Chicken eatery has only seven months remaining on Preston Center lease
Bad Chicken has seven months before its Preston Center building comes down to make way for an office building.
That was part of the deal when co-founders Tim Woehr and Bobby Shuey signed the restaurant’s nine-month lease. Instead of doing a few pop-ups for the restaurant’s proof of concept, they decided to open a short-term storefront to start selling bird.
“Bobby had this concept in his head,” Woehr said. “He’s in the IT world, so he needed someone to operate, and through friends of friends that he and I both know from the culinary world, we got in contact, he pitched me the idea, and I liked it.”
The name is meant to imply that they serve the “baddest chicken in town,” but it came about because the restaurant was initially going to be owned by two men: Bobby and David, creating the acronym “B.A.D.” When Woehr came on board and David couldn’t be part of the startup anymore, the name Bad Chicken stuck.
The restaurant opened its doors on Nov. 5 and serves wings, bomb bowls, sandwiches, and more. The wings, as opposed to other restaurants with a similar vibe, are smoked first then fried to cut down on frying time. After that, they’re tossed in the customer’s sauce(s) of choice, with an extensive list ranging from jalapeño lime to jelly glaze to a classic honey barbecue.
“We’re not one of those places that [will put you] on the wall by eating something spicy,” Woehr said. “That’s not really our thing. We wanted to have a good restaurant … that was also a wing place.”
The bomb bowls are chicken nuggets tossed in sauce and served over fries with a dipping sauce. Notably, the peanut butter and jelly bowl includes nuggets covered in jelly glaze and peanut butter drizzled on top.
“It’s different, you know, because it’s sweet and sour and salty and savory, and [peanut butter and jelly is] not normally hot,” Woehr said. “It’s interesting.”

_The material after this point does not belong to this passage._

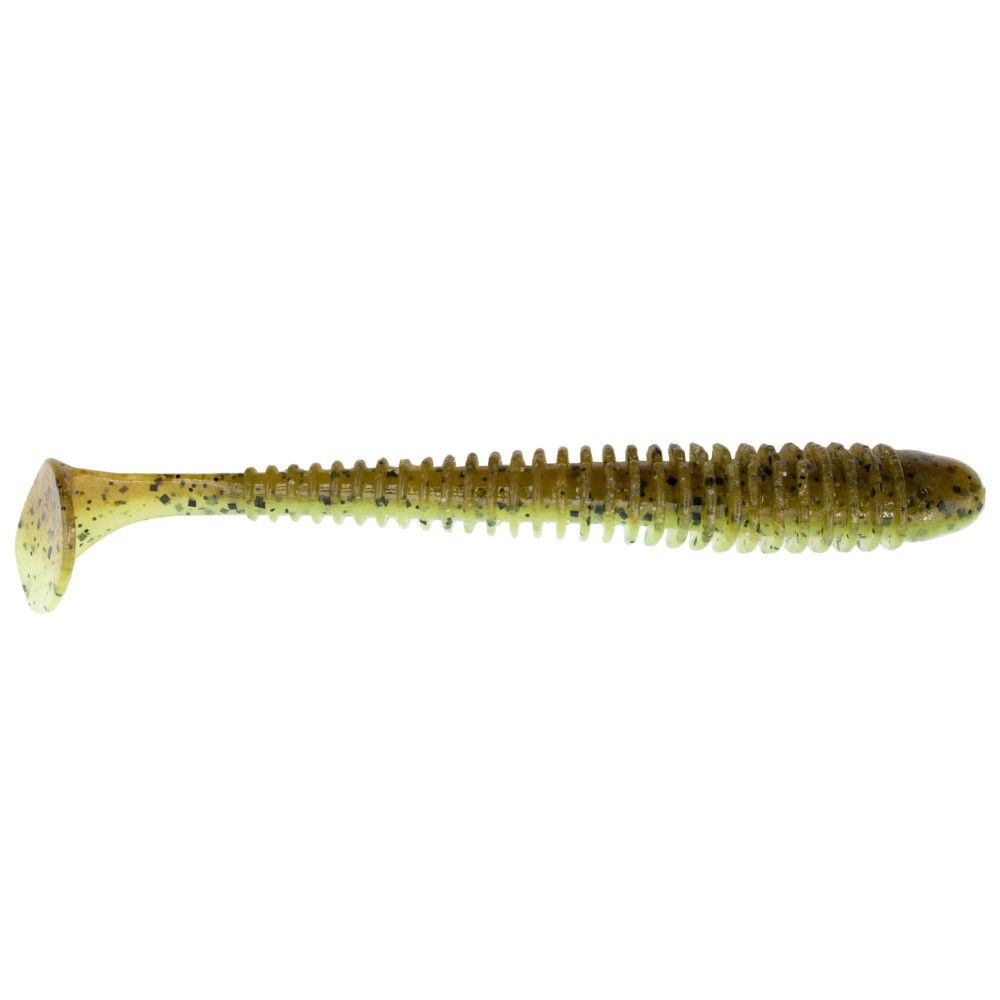Keitech Swing Impact 4" - 10cm - 4,7g - Green Pumpkin / Chartreuse - 8Stück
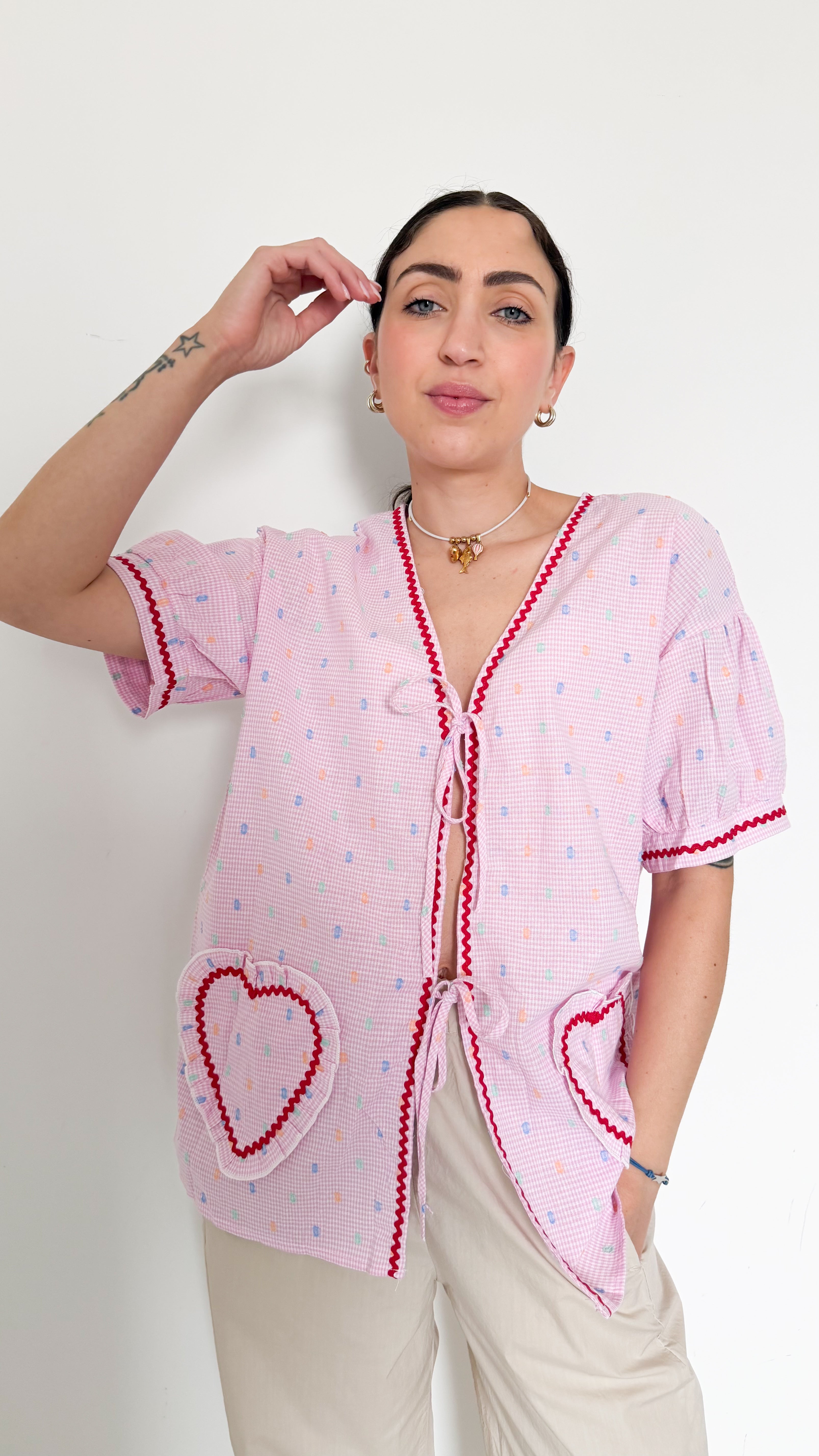 Blusa Rosa A Pois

Shuey said they wanted to open their restaurant because he couldn’t find a place in Dallas to satisfy what he was looking for. Each local chicken spot had either a long wait, minimal sauce options, soggy food, or a lack of satisfying desserts.
“I just had the idea and killer recipes,” Shuey said. “Tim runs everything and even further perfected the recipes and brought some of his own.”
After the restaurant gets booted from its current location, the plan is to open two more locations, with hopes of one being in or near Preston Center. From there, Woehr and Shuey plan to open more locations and begin franchising with a consistent brand.
“This way, everything is set and ready to go,” Woehr said. “We know exactly [how] to smoke and exactly the temperature frying and all that kind of thing. … We’ll have it all down so that we can go from one to two to three to eight to 10 [locations, and] eventually franchise.”